Without the pictures, set down everything in the listing exactly.

__Recorded data__:
■ ■ ■ ■ ■

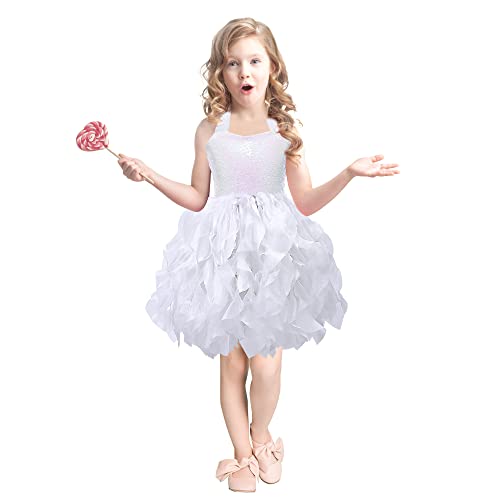 White Tutu Dress For Toddler Girls Sequin Tulle Dress For Girls Fairy Princess Birthday Party Prom Dresses 4T #TOP3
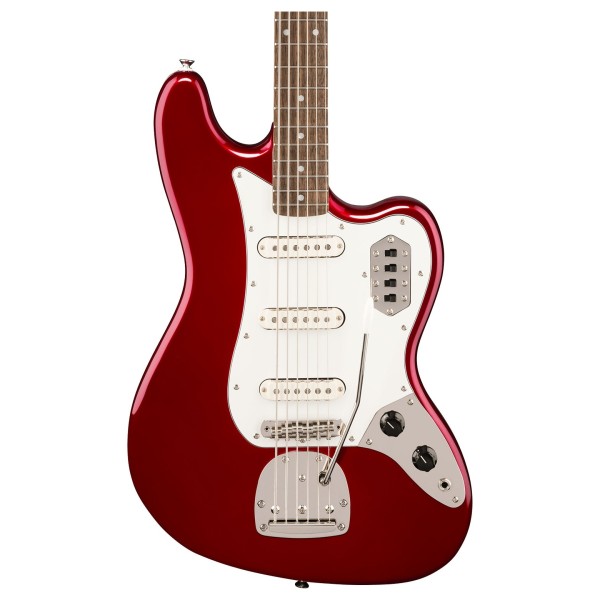 Squier FSR Classic Vibe Bass VI LRL, Matching Headstock, Candy Apple Red - body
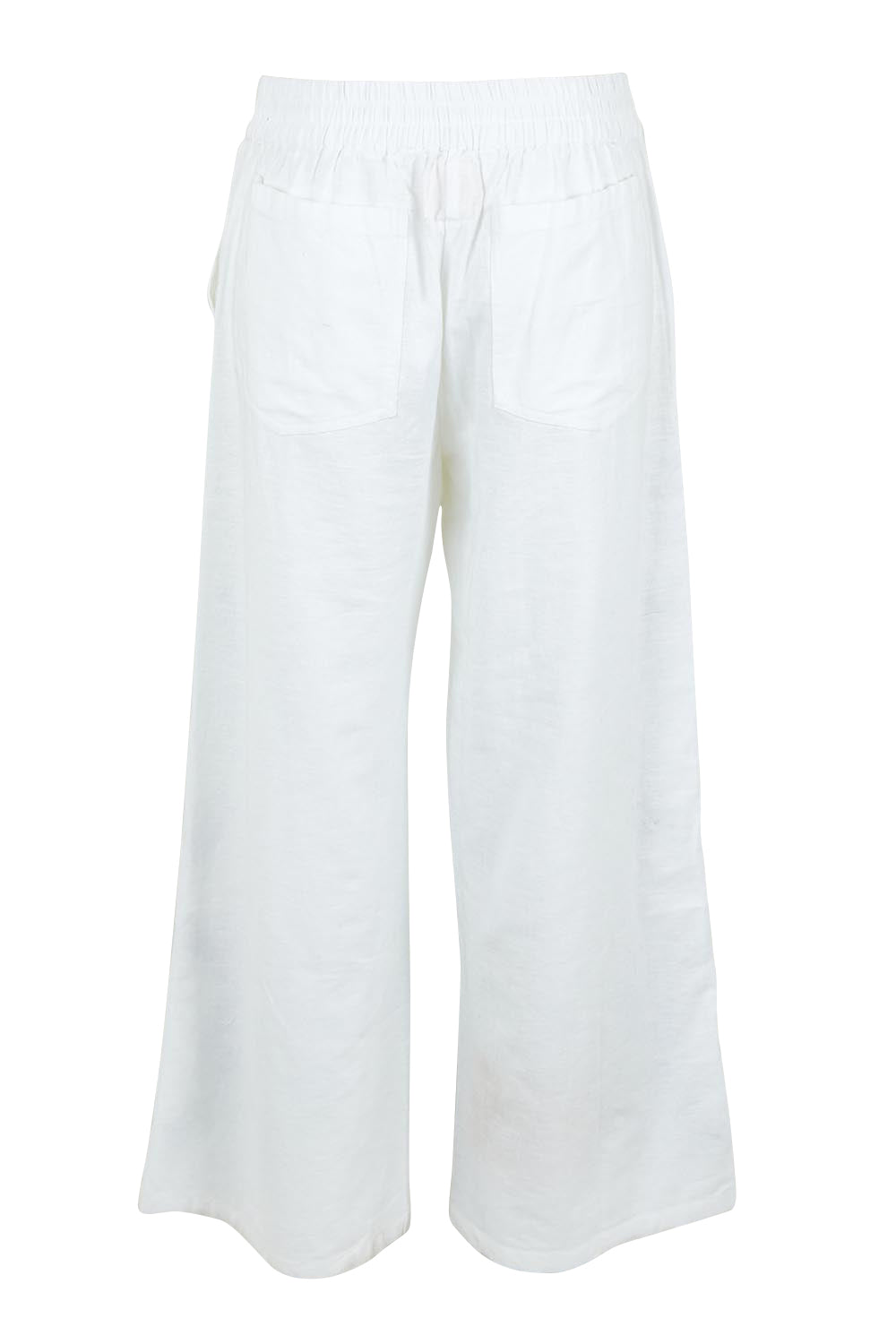 Product shot of the Morning Sun Embroidered Cotton Pants in colour Whiteblue (Blue), from the back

■ ■ ■ ■ ■

__Task answer__:
 White Tutu Dress For Toddler Girls Sequin Tulle Dress For Girls Fairy Princess Birthday Party Prom Dresses 4T #TOP3
 Squier FSR Classic Vibe Bass VI LRL, Matching Headstock, Candy Apple Red - body
 Product shot of the Morning Sun Embroidered Cotton Pants in colour Whiteblue (Blue), from the back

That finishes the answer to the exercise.